In full and unchanged, output the entries that follow.
◆ ◆ ◆ ◆ ◆
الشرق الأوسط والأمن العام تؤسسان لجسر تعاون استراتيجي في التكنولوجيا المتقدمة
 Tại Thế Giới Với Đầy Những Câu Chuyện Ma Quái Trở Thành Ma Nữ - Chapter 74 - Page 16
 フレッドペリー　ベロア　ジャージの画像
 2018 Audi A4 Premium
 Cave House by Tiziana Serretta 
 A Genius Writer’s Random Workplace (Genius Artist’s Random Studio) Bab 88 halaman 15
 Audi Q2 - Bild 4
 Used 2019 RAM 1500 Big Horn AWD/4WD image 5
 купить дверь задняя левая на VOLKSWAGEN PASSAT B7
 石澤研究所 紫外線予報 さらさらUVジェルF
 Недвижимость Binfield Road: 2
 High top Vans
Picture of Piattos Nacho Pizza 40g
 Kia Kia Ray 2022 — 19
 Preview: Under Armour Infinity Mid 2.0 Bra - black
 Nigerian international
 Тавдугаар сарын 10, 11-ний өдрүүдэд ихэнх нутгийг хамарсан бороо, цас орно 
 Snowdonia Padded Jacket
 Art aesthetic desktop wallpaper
◆ ◆ ◆ ◆ ◆
ANSWER TO THIS EXERCISE:
الشرق الأوسط والأمن العام تؤسسان لجسر تعاون استراتيجي في التكنولوجيا المتقدمة
 Tại Thế Giới Với Đầy Những Câu Chuyện Ma Quái Trở Thành Ma Nữ - Chapter 74 - Page 16
 フレッドペリー　ベロア　ジャージの画像
 2018 Audi A4 Premium
 Cave House by Tiziana Serretta 
 A Genius Writer’s Random Workplace (Genius Artist’s Random Studio) Bab 88 halaman 15
 Audi Q2 - Bild 4
 Used 2019 RAM 1500 Big Horn AWD/4WD image 5
 купить дверь задняя левая на VOLKSWAGEN PASSAT B7
 石澤研究所 紫外線予報 さらさらUVジェルF
 Недвижимость Binfield Road: 2
 High top Vans
Picture of Piattos Nacho Pizza 40g
 Kia Kia Ray 2022 — 19
 Preview: Under Armour Infinity Mid 2.0 Bra - black
 Nigerian international
 Тавдугаар сарын 10, 11-ний өдрүүдэд ихэнх нутгийг хамарсан бороо, цас орно 
 Snowdonia Padded Jacket
 Art aesthetic desktop wallpaper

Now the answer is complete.